Uterine Arteriovenous Malformations After Remission of Gestational Trophoblastic Disease: A Seven-Year Case Series from a Resource-Limited Tertiary Center

  • M Djeraba Université Saad Dahlab Blida 1, Blida, Algeria
  • M Zemmouchi Université Saad Dahlab Blida 1, Blida, Algeria
  • S Sait Université Saad Dahlab Blida 1, Blida, Algeria
  • M Draoua Université Saad Dahlab Blida 1, Blida, Algeria
  • Y Krouk Université Saad Dahlab Blida 1, Blida, Algeria
  • Z Farah Université Saad Dahlab Blida 1, Blida, Algeria
Keywords: Uterine arteriovenous malformation, gestational trophoblastic disease, embolization; hysterectomy, hypogastric artery ligation

Abstract

Background: Uterine arteriovenous malformations (UAVMs) are rare but potentially life-threatening vascular abnormalities that may occur after gestational trophoblastic disease (GTD). Their clinical presentation may mimic other causes of abnormal uterine bleeding, creating diagnostic and therapeutic challenges, particularly in resource-limited settings.

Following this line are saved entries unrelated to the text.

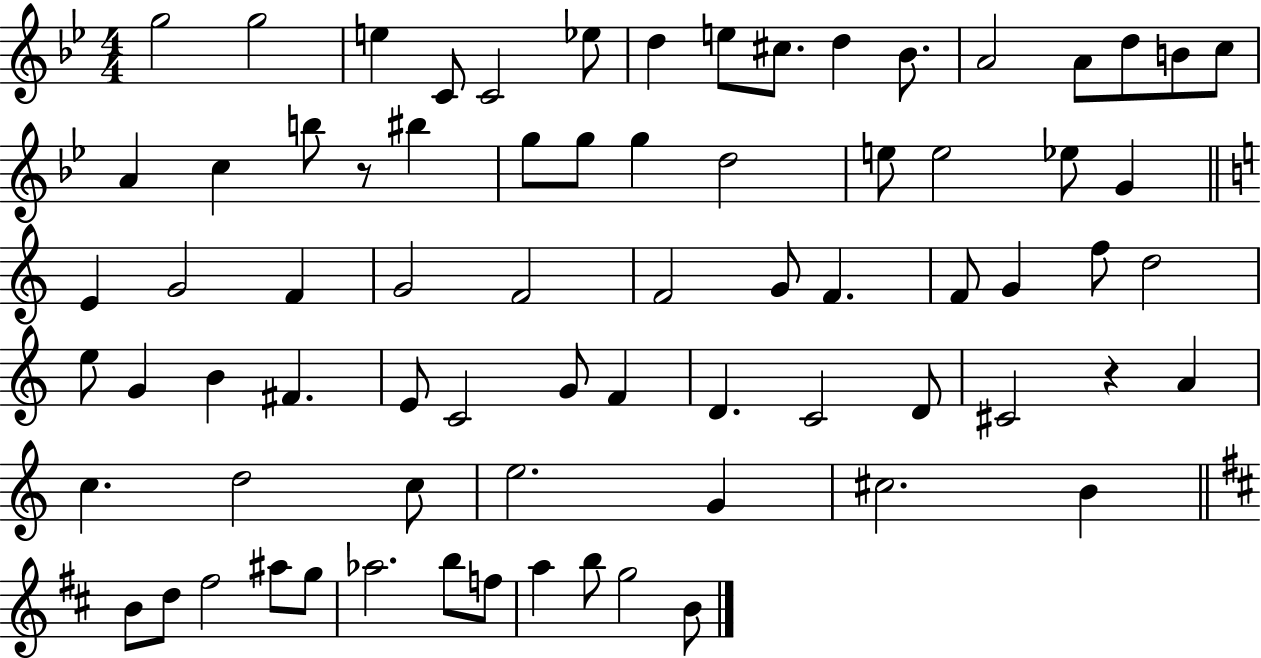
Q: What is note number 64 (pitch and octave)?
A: A#5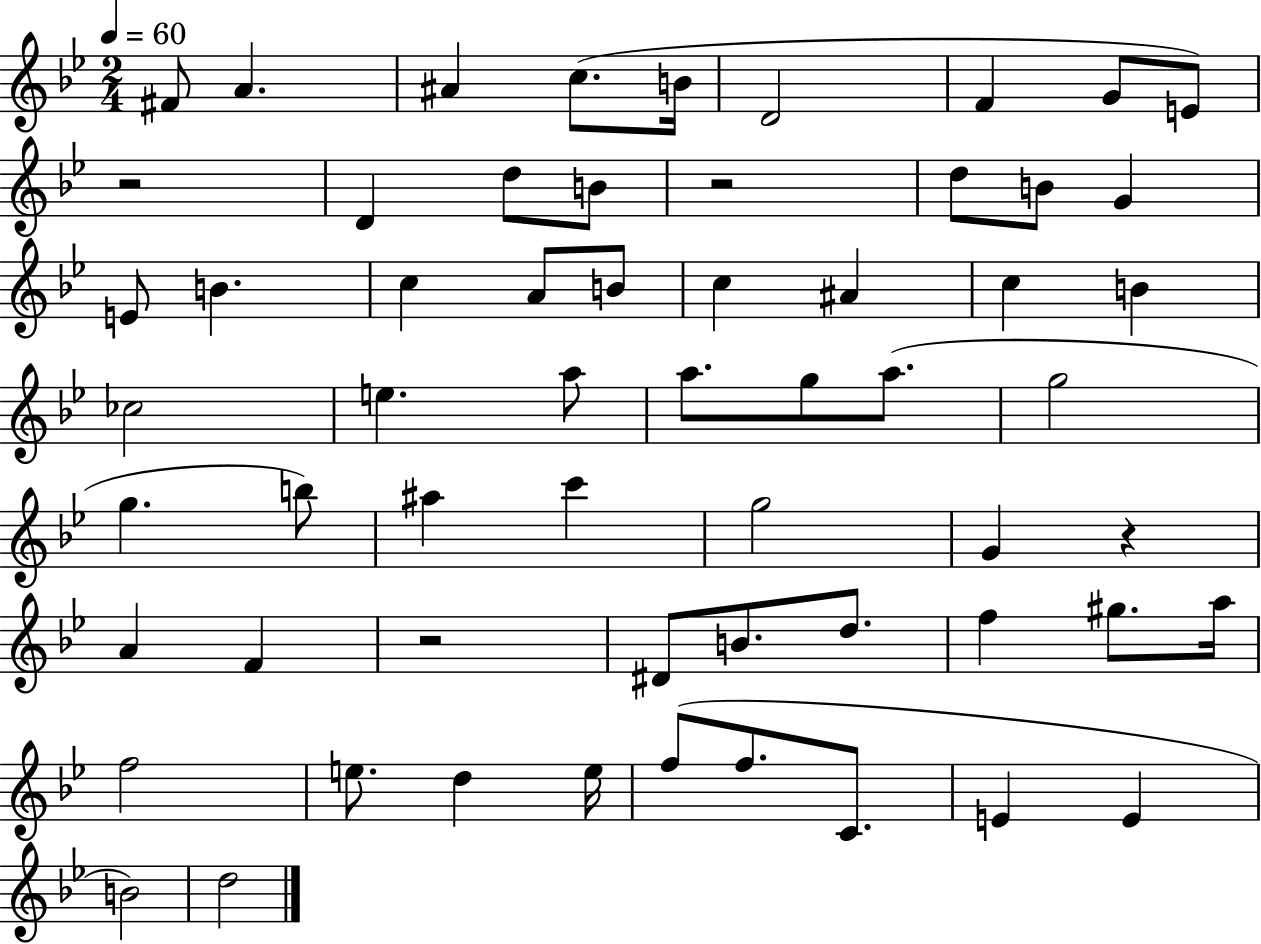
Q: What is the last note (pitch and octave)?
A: D5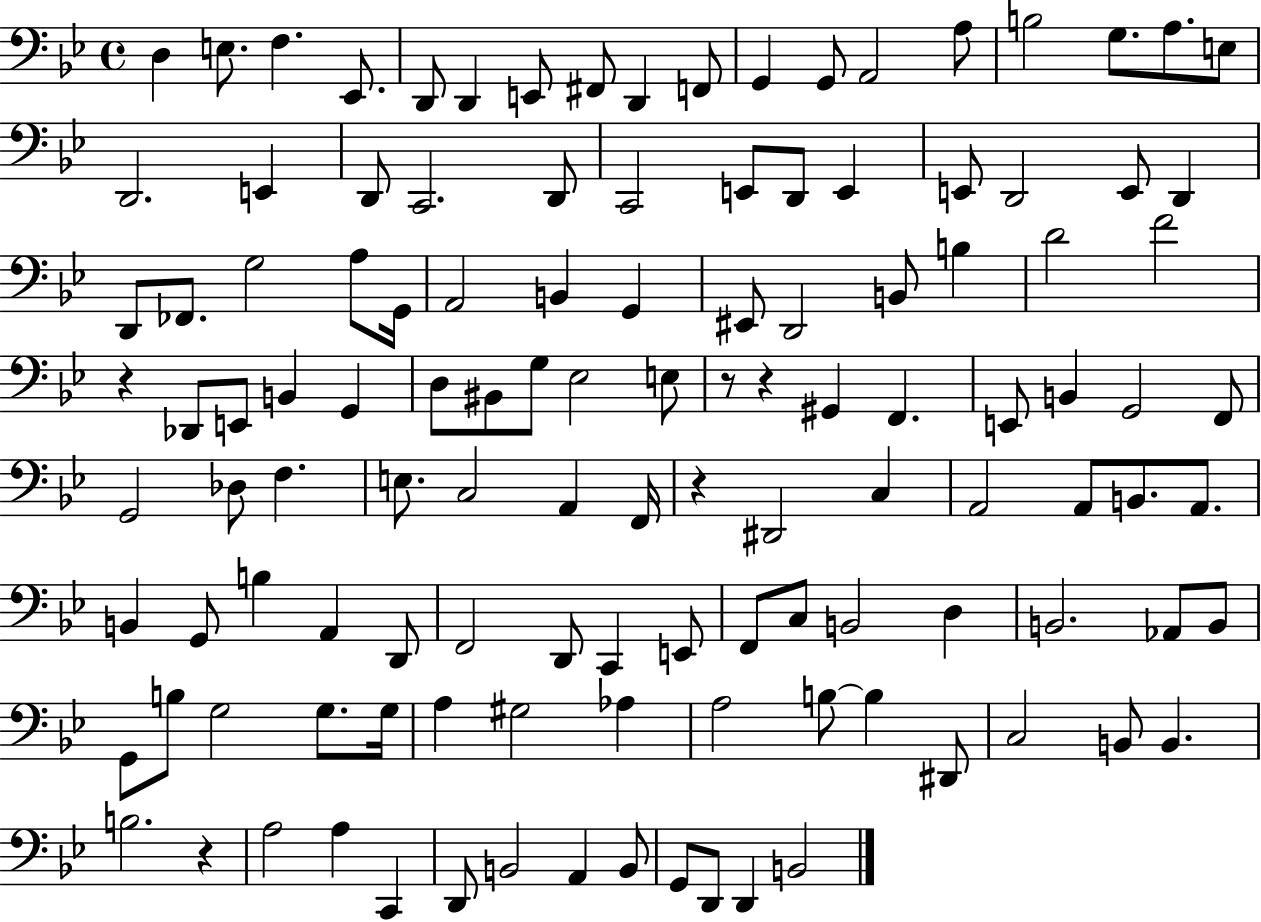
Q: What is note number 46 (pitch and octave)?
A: Db2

Objective: To describe the clinical presentation, diagnostic evaluation, and management of uterine arteriovenous malformations occurring after remission of gestational trophoblastic disease and to discuss management strategies in a tertiary referral center.

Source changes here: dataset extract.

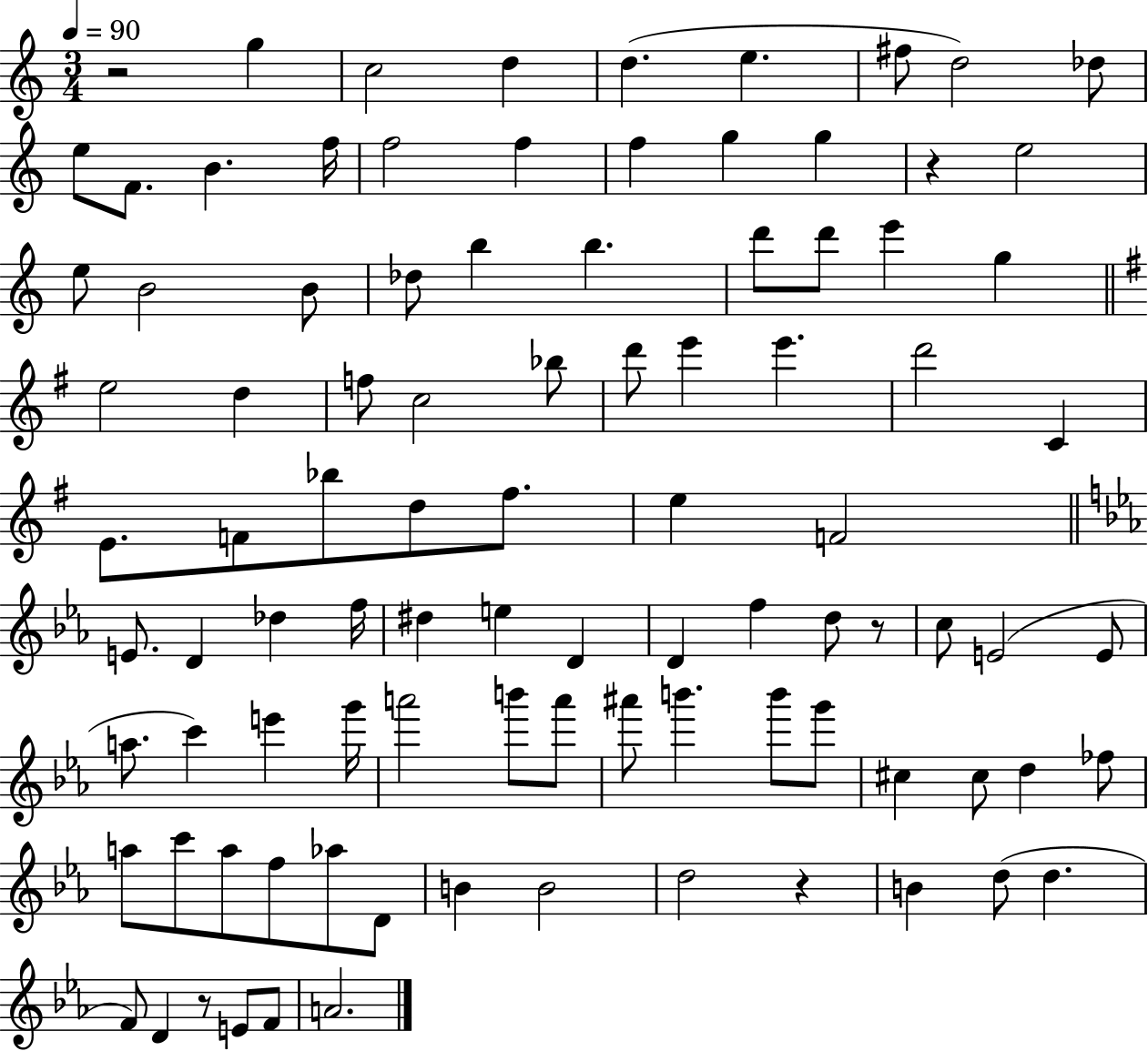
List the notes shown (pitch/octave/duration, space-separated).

R/h G5/q C5/h D5/q D5/q. E5/q. F#5/e D5/h Db5/e E5/e F4/e. B4/q. F5/s F5/h F5/q F5/q G5/q G5/q R/q E5/h E5/e B4/h B4/e Db5/e B5/q B5/q. D6/e D6/e E6/q G5/q E5/h D5/q F5/e C5/h Bb5/e D6/e E6/q E6/q. D6/h C4/q E4/e. F4/e Bb5/e D5/e F#5/e. E5/q F4/h E4/e. D4/q Db5/q F5/s D#5/q E5/q D4/q D4/q F5/q D5/e R/e C5/e E4/h E4/e A5/e. C6/q E6/q G6/s A6/h B6/e A6/e A#6/e B6/q. B6/e G6/e C#5/q C#5/e D5/q FES5/e A5/e C6/e A5/e F5/e Ab5/e D4/e B4/q B4/h D5/h R/q B4/q D5/e D5/q. F4/e D4/q R/e E4/e F4/e A4/h.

Methods: we conducted a retrospective descriptive case series including patients diagnosed with UAVMs after documented remission of GTD between January 2015 and December 2022 at a tertiary referral center in Algeria. Data collected included patient characteristics, type of initial GTD, clinical presentation, imaging findings (Doppler ultrasound and pelvic angio-MRI), treatment modalities, and clinical outcomes. Therapeutic success was defined as complete cessation of uterine bleeding without additional intervention during 12 months of follow-up.

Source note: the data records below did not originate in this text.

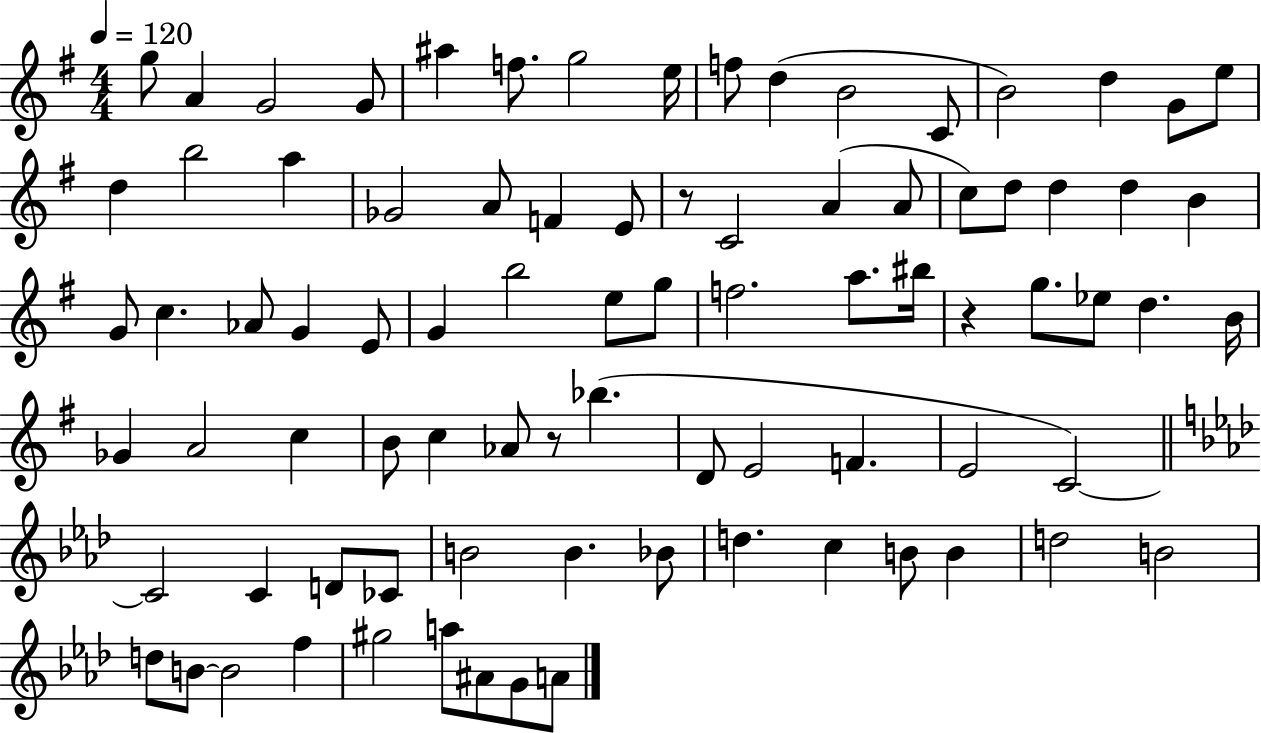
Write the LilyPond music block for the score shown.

{
  \clef treble
  \numericTimeSignature
  \time 4/4
  \key g \major
  \tempo 4 = 120
  g''8 a'4 g'2 g'8 | ais''4 f''8. g''2 e''16 | f''8 d''4( b'2 c'8 | b'2) d''4 g'8 e''8 | \break d''4 b''2 a''4 | ges'2 a'8 f'4 e'8 | r8 c'2 a'4( a'8 | c''8) d''8 d''4 d''4 b'4 | \break g'8 c''4. aes'8 g'4 e'8 | g'4 b''2 e''8 g''8 | f''2. a''8. bis''16 | r4 g''8. ees''8 d''4. b'16 | \break ges'4 a'2 c''4 | b'8 c''4 aes'8 r8 bes''4.( | d'8 e'2 f'4. | e'2 c'2~~) | \break \bar "||" \break \key f \minor c'2 c'4 d'8 ces'8 | b'2 b'4. bes'8 | d''4. c''4 b'8 b'4 | d''2 b'2 | \break d''8 b'8~~ b'2 f''4 | gis''2 a''8 ais'8 g'8 a'8 | \bar "|."
}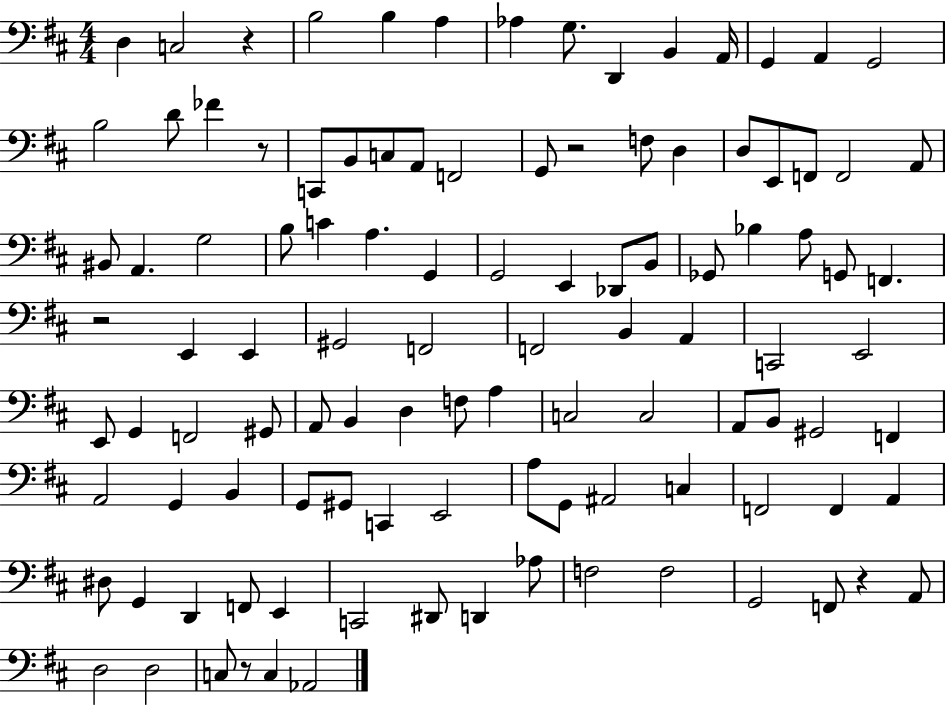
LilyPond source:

{
  \clef bass
  \numericTimeSignature
  \time 4/4
  \key d \major
  \repeat volta 2 { d4 c2 r4 | b2 b4 a4 | aes4 g8. d,4 b,4 a,16 | g,4 a,4 g,2 | \break b2 d'8 fes'4 r8 | c,8 b,8 c8 a,8 f,2 | g,8 r2 f8 d4 | d8 e,8 f,8 f,2 a,8 | \break bis,8 a,4. g2 | b8 c'4 a4. g,4 | g,2 e,4 des,8 b,8 | ges,8 bes4 a8 g,8 f,4. | \break r2 e,4 e,4 | gis,2 f,2 | f,2 b,4 a,4 | c,2 e,2 | \break e,8 g,4 f,2 gis,8 | a,8 b,4 d4 f8 a4 | c2 c2 | a,8 b,8 gis,2 f,4 | \break a,2 g,4 b,4 | g,8 gis,8 c,4 e,2 | a8 g,8 ais,2 c4 | f,2 f,4 a,4 | \break dis8 g,4 d,4 f,8 e,4 | c,2 dis,8 d,4 aes8 | f2 f2 | g,2 f,8 r4 a,8 | \break d2 d2 | c8 r8 c4 aes,2 | } \bar "|."
}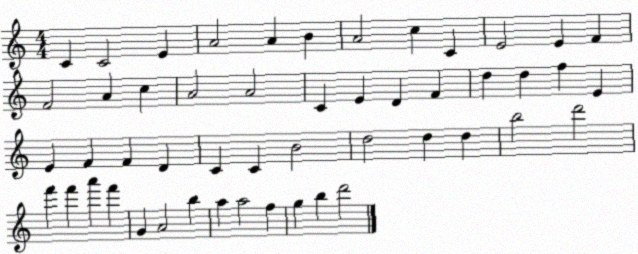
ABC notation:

X:1
T:Untitled
M:4/4
L:1/4
K:C
C C2 E A2 A B A2 c C E2 E F F2 A c A2 A2 C E D F d d f E E F F D C C B2 d2 d d b2 d'2 f' f' a' f' G A2 b a a2 f g b d'2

Results: Three patients aged 33–42 years were diagnosed with UAVM after GTD remission. Initial GTD consisted of one partial hydatidiform mole, one complete hydatidiform mole, and one low-risk gestational trophoblastic neoplasia (invasive mole). Severe metrorrhagia was the presenting symptom in all cases. Management included selective uterine artery embolization (n=1), emergency hysterectomy (n=1), and bilateral hypogastric artery ligation (n=1). Complete resolution of bleeding was achieved in all patients, with no recurrence during the 12-month follow-up.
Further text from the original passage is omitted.